The patient also had concomitant MG, which could cause a wide spectrum of kidney disorders with fibrillar deposits featuring light chain (κ or λ) and/or heavy chain restriction in the glomeruli (MG of renal significance). For the patient, the IF intensities of κ was only slightly greater than that of λ, seemingly excluding the possibility that the renal lesion was induced by MG. However, her monoclonal immunoglobulin was IgA κ, while the glomerular fibrillary deposits stained dominantly for IgA and C3, and her renal symptoms were significantly improved by BD regimens, suggesting that the monoclonal IgA κ played some role in the renal injury. The less staining intensity difference of two types of light chains may be caused by deposited IgG and IgM which provide some λ light chain. To identify the relationship between FNG and MG, a PubMed search was conducted using the term “FNG”. Only an 88-year-old patient coexisted with FNG and MG (MIgG κ), with a single C3 deposit (2+) in the glomeruli [13], and the patient died of a heart attack after half a year of hemodialysis and other supportive treatment. No more available information was obtained.

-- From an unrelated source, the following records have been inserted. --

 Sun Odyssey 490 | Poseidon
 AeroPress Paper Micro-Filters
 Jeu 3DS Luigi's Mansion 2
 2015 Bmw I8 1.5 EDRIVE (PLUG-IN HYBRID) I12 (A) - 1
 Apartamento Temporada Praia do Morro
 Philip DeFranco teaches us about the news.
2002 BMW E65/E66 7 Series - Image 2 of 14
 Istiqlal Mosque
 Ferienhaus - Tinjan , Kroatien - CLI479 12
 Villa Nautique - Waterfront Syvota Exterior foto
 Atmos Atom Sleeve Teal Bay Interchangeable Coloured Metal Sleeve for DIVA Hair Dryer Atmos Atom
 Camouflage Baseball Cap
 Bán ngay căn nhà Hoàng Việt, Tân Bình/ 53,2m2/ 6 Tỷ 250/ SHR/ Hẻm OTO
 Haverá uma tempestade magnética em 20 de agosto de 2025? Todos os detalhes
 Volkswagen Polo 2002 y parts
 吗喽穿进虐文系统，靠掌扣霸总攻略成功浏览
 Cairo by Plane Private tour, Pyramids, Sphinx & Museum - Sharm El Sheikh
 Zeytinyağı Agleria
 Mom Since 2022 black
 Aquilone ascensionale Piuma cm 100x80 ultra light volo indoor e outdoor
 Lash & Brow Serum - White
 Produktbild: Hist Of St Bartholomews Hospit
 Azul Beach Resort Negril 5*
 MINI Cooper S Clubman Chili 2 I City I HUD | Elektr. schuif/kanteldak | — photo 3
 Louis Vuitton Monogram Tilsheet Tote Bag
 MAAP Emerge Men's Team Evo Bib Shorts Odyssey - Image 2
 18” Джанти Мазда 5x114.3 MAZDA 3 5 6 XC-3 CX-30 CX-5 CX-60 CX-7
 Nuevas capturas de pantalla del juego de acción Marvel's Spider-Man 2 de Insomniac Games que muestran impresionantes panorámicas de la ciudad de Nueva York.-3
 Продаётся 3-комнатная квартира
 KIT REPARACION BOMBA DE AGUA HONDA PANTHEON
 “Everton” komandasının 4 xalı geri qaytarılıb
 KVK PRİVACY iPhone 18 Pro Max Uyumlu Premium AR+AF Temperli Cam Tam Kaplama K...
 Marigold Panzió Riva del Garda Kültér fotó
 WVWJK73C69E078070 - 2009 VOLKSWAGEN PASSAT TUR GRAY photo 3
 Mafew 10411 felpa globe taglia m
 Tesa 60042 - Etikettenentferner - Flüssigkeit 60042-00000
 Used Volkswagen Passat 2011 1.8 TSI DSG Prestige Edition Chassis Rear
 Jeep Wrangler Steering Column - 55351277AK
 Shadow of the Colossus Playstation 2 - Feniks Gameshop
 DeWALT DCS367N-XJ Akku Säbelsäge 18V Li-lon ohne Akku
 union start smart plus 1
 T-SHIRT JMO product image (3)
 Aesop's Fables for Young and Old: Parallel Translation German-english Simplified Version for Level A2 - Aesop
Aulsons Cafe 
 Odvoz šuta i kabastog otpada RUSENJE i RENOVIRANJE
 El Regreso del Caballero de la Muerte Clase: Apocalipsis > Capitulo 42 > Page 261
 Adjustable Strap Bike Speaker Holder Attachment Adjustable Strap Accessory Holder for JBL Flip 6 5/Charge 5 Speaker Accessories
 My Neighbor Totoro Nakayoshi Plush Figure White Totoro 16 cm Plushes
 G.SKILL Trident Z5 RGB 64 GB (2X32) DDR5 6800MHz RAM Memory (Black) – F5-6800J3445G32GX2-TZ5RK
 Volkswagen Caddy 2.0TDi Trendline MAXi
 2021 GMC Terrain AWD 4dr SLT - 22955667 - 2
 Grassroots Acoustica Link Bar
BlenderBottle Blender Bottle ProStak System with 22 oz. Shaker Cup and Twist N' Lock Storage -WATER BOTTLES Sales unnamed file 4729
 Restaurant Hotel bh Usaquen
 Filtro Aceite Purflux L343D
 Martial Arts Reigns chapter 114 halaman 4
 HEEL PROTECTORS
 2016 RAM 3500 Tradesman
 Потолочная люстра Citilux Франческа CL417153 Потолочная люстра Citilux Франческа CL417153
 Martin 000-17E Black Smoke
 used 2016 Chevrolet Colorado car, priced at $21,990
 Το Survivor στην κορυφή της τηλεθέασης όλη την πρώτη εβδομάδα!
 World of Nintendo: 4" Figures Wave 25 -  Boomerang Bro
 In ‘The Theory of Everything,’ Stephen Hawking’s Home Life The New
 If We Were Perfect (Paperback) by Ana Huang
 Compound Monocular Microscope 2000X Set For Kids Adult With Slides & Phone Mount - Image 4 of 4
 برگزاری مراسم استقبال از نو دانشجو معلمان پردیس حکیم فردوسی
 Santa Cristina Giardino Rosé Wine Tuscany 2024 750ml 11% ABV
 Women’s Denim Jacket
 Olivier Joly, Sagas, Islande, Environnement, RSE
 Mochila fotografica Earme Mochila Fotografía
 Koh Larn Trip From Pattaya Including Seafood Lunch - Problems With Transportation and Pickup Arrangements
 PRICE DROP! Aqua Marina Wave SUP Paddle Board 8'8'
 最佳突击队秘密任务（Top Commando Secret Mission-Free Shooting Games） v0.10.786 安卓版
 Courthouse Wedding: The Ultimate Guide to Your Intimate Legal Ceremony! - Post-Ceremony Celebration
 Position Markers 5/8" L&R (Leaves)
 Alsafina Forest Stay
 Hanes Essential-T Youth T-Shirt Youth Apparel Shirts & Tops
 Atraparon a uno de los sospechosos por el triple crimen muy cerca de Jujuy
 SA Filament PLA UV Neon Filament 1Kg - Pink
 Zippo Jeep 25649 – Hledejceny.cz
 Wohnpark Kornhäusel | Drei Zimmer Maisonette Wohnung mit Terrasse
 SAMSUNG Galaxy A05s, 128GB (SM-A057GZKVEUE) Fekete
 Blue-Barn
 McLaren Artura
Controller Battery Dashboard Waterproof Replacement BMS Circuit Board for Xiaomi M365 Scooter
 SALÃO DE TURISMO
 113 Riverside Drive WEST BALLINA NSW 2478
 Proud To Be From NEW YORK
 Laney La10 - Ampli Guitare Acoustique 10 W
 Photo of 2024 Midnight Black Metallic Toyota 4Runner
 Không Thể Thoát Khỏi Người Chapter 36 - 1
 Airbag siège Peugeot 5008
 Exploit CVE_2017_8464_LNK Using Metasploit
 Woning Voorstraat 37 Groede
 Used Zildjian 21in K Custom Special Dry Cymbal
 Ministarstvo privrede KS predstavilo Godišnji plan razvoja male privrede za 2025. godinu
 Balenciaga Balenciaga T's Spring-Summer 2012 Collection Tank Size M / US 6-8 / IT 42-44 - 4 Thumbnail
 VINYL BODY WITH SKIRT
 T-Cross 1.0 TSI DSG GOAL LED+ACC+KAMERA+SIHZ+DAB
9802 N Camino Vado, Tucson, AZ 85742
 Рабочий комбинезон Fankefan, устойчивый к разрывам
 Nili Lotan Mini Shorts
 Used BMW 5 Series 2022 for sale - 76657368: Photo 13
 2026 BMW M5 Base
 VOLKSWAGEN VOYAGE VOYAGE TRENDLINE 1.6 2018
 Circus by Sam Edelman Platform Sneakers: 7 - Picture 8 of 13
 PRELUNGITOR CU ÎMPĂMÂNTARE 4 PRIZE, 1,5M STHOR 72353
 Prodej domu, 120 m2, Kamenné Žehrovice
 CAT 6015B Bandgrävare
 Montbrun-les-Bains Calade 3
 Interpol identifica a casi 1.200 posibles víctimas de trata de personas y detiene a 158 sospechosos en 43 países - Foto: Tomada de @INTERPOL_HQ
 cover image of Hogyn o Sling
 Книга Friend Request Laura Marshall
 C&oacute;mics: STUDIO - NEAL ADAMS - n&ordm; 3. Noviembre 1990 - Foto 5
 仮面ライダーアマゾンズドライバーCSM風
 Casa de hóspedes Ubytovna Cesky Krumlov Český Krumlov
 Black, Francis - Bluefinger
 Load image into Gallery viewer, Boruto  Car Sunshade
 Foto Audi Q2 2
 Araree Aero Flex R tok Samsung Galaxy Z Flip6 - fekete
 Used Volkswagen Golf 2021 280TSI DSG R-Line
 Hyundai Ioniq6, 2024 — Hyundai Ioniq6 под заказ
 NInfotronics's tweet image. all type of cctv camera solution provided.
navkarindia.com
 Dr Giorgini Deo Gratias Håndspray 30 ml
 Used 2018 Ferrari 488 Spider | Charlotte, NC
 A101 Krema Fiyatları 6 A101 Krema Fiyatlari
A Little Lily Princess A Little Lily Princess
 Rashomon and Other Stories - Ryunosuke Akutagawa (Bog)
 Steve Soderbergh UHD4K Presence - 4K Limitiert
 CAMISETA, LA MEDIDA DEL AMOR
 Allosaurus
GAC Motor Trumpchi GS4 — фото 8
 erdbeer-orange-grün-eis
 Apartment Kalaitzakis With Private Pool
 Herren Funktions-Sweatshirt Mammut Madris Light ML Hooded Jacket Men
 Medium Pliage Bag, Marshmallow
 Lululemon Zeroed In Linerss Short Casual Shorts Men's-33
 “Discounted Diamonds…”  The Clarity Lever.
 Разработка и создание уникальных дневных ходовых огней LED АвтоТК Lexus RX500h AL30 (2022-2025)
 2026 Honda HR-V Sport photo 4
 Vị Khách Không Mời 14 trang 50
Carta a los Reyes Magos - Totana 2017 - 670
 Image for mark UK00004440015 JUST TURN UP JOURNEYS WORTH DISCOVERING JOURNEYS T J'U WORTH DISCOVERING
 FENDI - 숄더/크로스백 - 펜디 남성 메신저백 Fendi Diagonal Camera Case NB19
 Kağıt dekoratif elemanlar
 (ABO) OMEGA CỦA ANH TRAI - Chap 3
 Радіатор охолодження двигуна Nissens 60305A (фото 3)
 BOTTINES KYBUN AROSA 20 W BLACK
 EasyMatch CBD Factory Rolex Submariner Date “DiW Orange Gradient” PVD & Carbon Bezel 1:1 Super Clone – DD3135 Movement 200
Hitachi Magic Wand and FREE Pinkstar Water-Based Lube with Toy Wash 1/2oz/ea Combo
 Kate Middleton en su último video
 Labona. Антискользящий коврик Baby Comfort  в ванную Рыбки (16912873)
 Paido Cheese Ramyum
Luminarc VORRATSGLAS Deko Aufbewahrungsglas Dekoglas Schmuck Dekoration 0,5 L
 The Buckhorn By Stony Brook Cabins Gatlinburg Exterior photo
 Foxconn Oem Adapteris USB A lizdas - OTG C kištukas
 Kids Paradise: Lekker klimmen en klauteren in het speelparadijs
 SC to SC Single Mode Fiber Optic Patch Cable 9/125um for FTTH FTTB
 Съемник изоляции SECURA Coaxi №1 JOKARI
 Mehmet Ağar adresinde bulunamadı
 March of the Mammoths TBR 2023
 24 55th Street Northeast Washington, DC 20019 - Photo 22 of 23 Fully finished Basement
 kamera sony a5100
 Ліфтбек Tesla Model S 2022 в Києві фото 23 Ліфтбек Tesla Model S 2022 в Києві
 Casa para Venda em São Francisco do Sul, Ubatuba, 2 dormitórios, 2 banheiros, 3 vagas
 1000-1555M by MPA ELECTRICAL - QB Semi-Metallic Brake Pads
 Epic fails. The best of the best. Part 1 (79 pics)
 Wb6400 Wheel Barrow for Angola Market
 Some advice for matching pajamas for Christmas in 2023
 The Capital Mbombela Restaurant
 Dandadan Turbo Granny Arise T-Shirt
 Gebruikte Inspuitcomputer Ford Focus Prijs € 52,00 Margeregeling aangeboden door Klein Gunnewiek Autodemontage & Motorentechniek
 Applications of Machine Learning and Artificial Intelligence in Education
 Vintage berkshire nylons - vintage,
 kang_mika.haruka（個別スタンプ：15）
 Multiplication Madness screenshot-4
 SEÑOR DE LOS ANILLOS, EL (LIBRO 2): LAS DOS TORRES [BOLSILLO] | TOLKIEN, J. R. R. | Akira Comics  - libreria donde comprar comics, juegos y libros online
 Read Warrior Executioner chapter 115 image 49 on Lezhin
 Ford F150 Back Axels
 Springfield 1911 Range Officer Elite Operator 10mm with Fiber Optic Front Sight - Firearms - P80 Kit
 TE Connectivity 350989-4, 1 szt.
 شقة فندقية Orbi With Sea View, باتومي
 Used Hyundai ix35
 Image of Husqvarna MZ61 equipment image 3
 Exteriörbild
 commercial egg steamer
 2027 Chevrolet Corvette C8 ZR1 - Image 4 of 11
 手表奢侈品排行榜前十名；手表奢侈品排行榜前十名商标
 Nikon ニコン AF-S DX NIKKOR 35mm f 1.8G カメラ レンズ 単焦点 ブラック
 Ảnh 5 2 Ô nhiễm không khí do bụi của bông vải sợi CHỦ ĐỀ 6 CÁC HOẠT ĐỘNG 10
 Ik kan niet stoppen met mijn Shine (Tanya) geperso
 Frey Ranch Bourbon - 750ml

The present patient should be especially differentiated from lupus nephritis, cryoglobulinemia, fibrillary glomerulonephritis, immunotactoid glomerulonephritis, and membranoproliferative glomerulonephritis which can manifest as fibrillar deposits with multiple positive Ig and complement immunostaining [8]. Lupus nephritis is a complication of systemic lupus erythematosus with multiple circulating autoantibodies and multiple organ involvement such as skin, joints, brain, lungs, and blood vessels. Cryoglobulinemia generally affect several organs, especially cutaneous lesion in nearly all patients, and, presents as membranoproliferative glomerulonephritis with subendothelial and/or intraluminal thrombi composed of cryoglobulins, Igs, and/or complement proteins when involving the kidney. Fibrillary glomerulonephritis and immunotactoid glomerulonephritis often have significant hypercellularity and thicker fibrils (10–30 nm diameter and >30-nm diameter, respectively) by electron microscopy [14]. Collagen type III glomerulopathy is characterized by collagen type III deposits with pale PAS staining and whorling and cross-striated fibrils with about 60-nm periodicity [15]. Membranoproliferative glomerulonephritis is a light microscopic pattern of kidney injury, characterized principally by increased glomerular overall cellularity and diffuse thickening of the glomerular capillary walls, forming a double contour to many basement membranes.

There is no standard treatment regimen for FNG. Reportedly, indomethacin [2], mizoribine [16], prednisolone [17] and angiotensin-converting enzyme inhibitors [18] may be somewhat efficacious. Our patient was given ARB in combination with the BCD regimen. The 24-UTP and serum albumin significantly improved 2 months after the monoclonal IgA κ turned negative. It is inferred that MG may play roles in the renal injury, although no pathological evidence of MG-related renal significance was found. The exact mechanism should be explored. The case remains under surveillance, and the association should be further investigated.

In conclusion, we reported the first FNG patient with strong IgA and C3 immunostaining in the context of monoclonal IgA κ in the circulation who partly responded to the BD regimen. Perhaps FNG, MG and immune activation are potentially interplayed and eventually induce renal injuries, but the mechanism needs to be further explored. In addition, FNG should be considered in nonamyloid lobular glomerulopathy, even when immunocomplexes are found in the glomeruli.